### Dataset excerpts
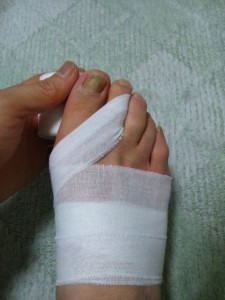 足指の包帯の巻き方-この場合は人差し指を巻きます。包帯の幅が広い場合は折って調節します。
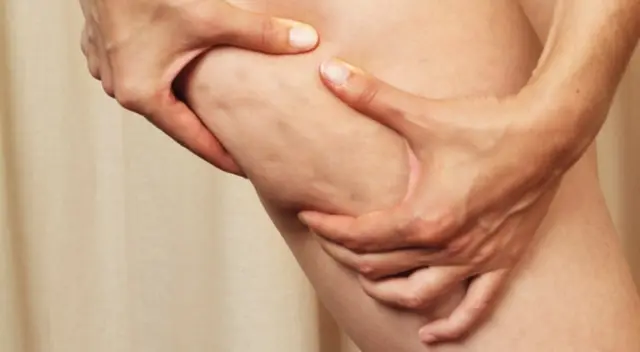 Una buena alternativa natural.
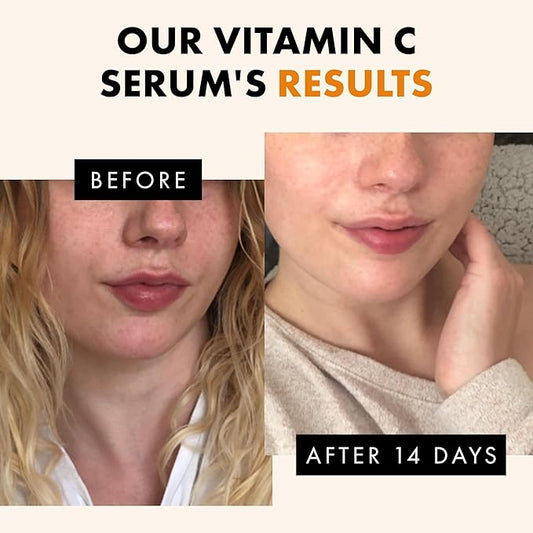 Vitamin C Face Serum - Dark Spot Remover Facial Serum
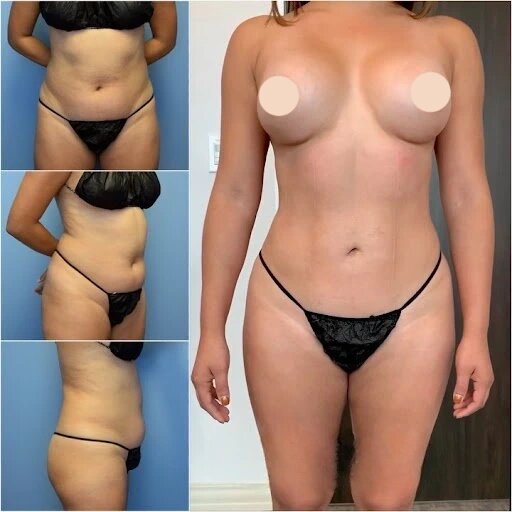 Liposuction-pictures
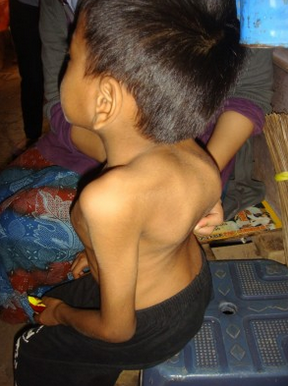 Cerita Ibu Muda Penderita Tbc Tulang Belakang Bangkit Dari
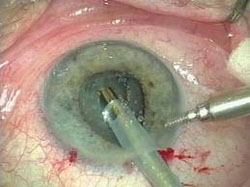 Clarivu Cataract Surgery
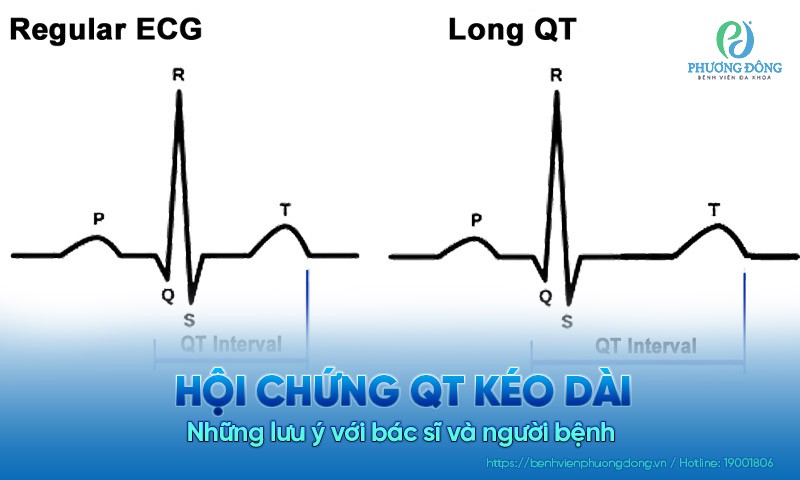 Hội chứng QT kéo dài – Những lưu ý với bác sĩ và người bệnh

==

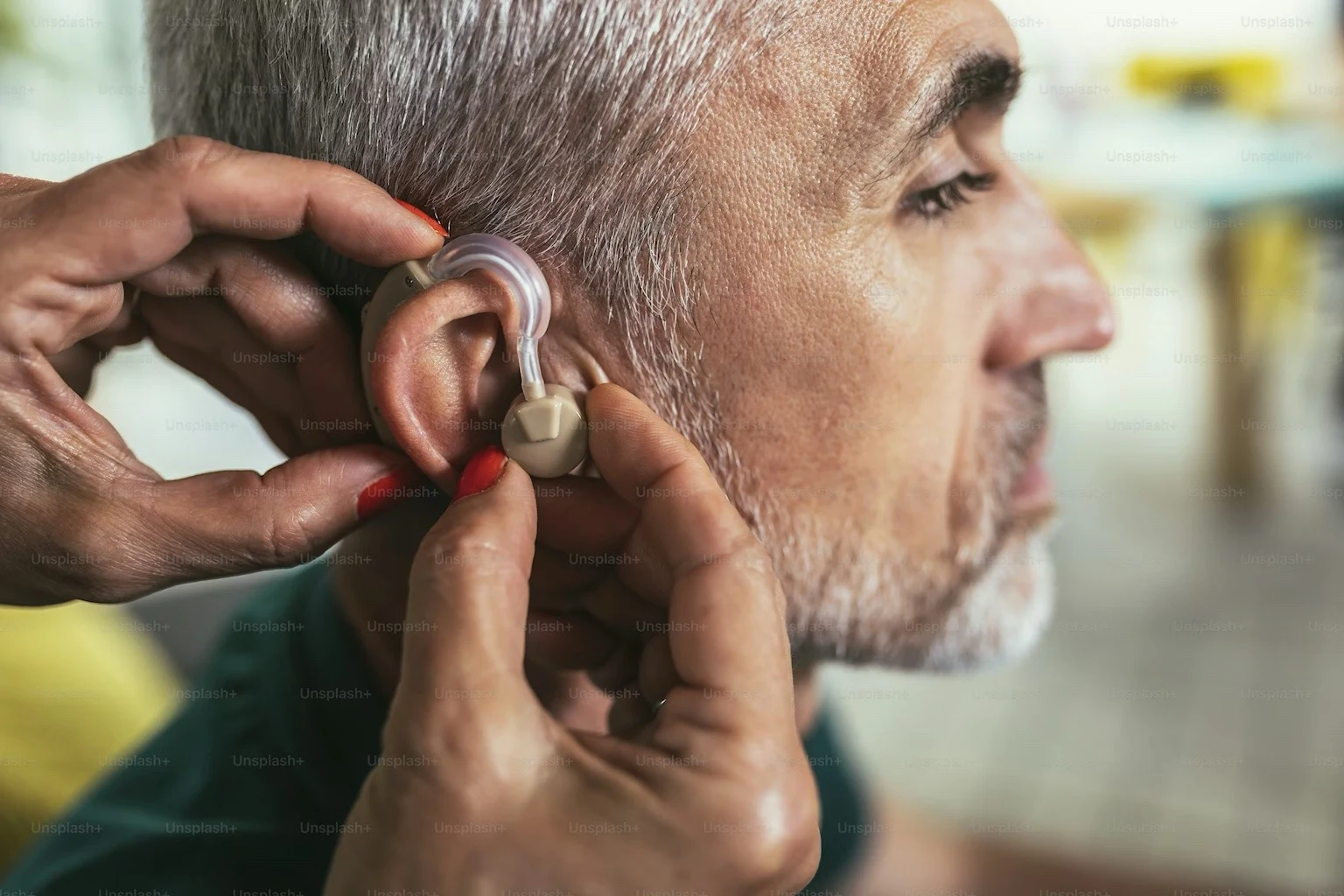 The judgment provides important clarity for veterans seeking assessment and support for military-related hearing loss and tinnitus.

---

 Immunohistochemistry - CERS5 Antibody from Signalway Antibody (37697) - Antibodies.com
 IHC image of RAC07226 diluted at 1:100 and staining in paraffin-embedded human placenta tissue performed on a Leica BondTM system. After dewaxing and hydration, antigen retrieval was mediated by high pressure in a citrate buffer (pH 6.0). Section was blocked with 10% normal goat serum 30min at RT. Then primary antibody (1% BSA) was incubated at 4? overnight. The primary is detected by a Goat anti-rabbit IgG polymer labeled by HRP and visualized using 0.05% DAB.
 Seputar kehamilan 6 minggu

### Exercise brief
Produce only the lines from the line containing "IHC image of" through the line containing "Seputar kehamilan 6 minggu", inclusive of both, exactly as they stand in the entries above.

### Exercise solution
 IHC image of RAC07226 diluted at 1:100 and staining in paraffin-embedded human placenta tissue performed on a Leica BondTM system. After dewaxing and hydration, antigen retrieval was mediated by high pressure in a citrate buffer (pH 6.0). Section was blocked with 10% normal goat serum 30min at RT. Then primary antibody (1% BSA) was incubated at 4? overnight. The primary is detected by a Goat anti-rabbit IgG polymer labeled by HRP and visualized using 0.05% DAB.
 Seputar kehamilan 6 minggu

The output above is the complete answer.